>>>>
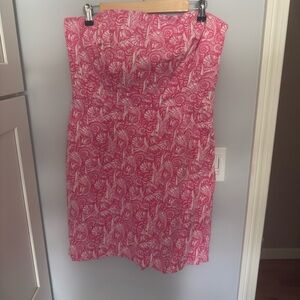 Vineyard Vines "Shells Allover" print strapless dress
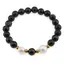 Bratara pe elastic Perle de cultura, bumbi aurii si Agat negru sfere 8mm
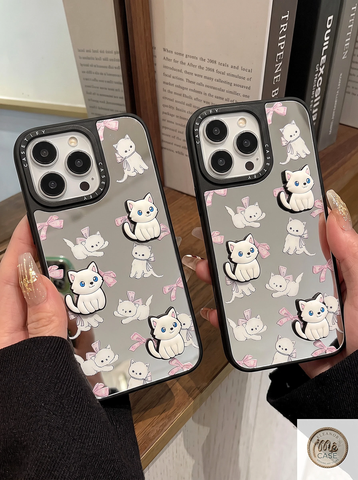 Ốp lưng iPhone tráng gương đính charm Mèo Trắng 3D nơ hồng kèm dây đeo ngọc trai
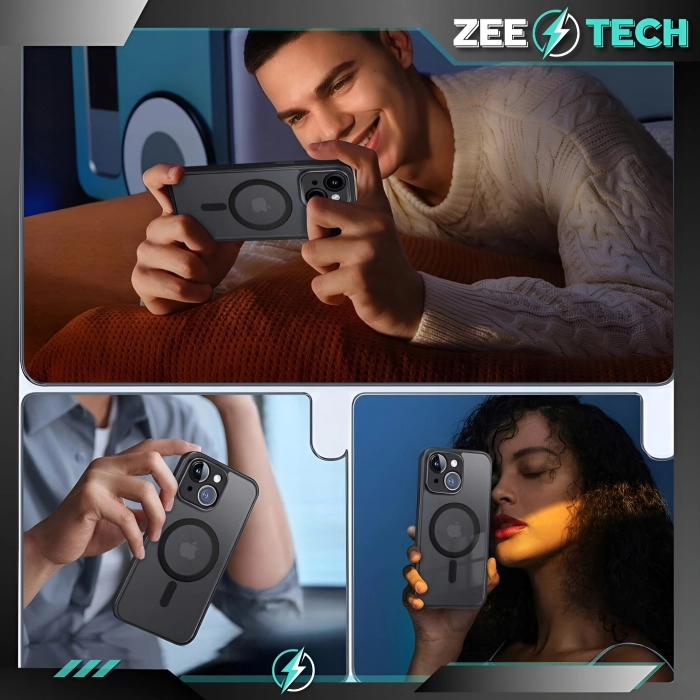 Etui matowe + szkło do iPhone 15 - odporny case Magsafe (Czarne)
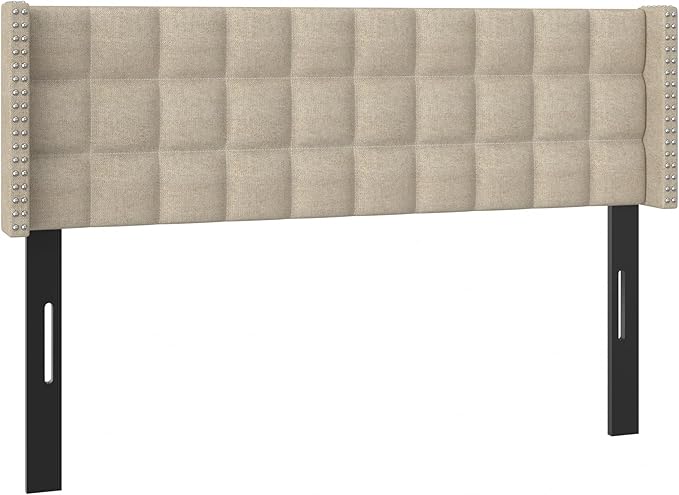 VECELO Headboard Queen Size, Linen Upholstered Headboards Only with Nailhead Trim Wingback, Square Stitched Design, Adjustable Height from 40" to 49.8", Oatmeal-Ruum Studio Home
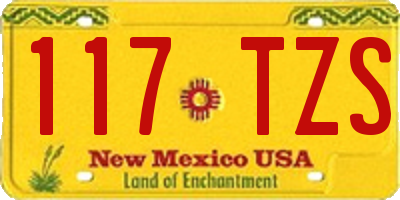 NM license plate 117TZS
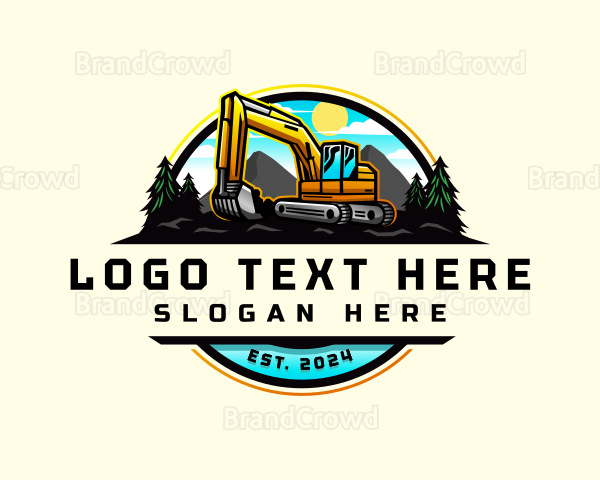 Excavator Mining Quarry Logo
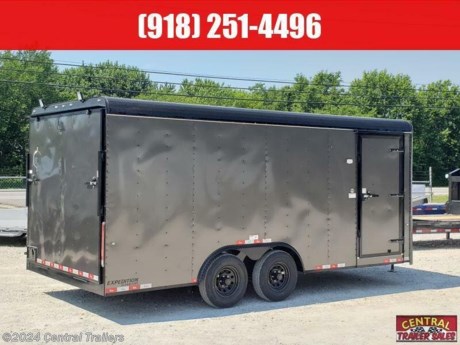 XP-85182 8.5X18 Charcoal Gray, Tandem Axle Expedition Series, 5.2K Axles, Black Caps and Mods, 7.0&#39; Ceiling Height, Charcoal Gray, Black Out, ESX Package, Spring Assisted Ramp, (2) Load Lights, 36&quot; Side Door with RV Latch, E-Track, (2) 12V LED Dome Lights with switch.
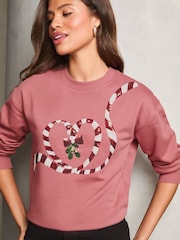 Lipsy Pink Christmas Sweatshirt - Image 1 of 4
<<<<
WHAT YOU SHOULD DO: Restate the lines of the records exactly, starting at the first and stopping after the line with "Excavator Mining Quarry Logo". Leave out any picture.

COMPLETED TASK:
 Vineyard Vines "Shells Allover" print strapless dress
 Bratara pe elastic Perle de cultura, bumbi aurii si Agat negru sfere 8mm
 Ốp lưng iPhone tráng gương đính charm Mèo Trắng 3D nơ hồng kèm dây đeo ngọc trai
 Etui matowe + szkło do iPhone 15 - odporny case Magsafe (Czarne)
 VECELO Headboard Queen Size, Linen Upholstered Headboards Only with Nailhead Trim Wingback, Square Stitched Design, Adjustable Height from 40" to 49.8", Oatmeal-Ruum Studio Home
 NM license plate 117TZS
 Excavator Mining Quarry Logo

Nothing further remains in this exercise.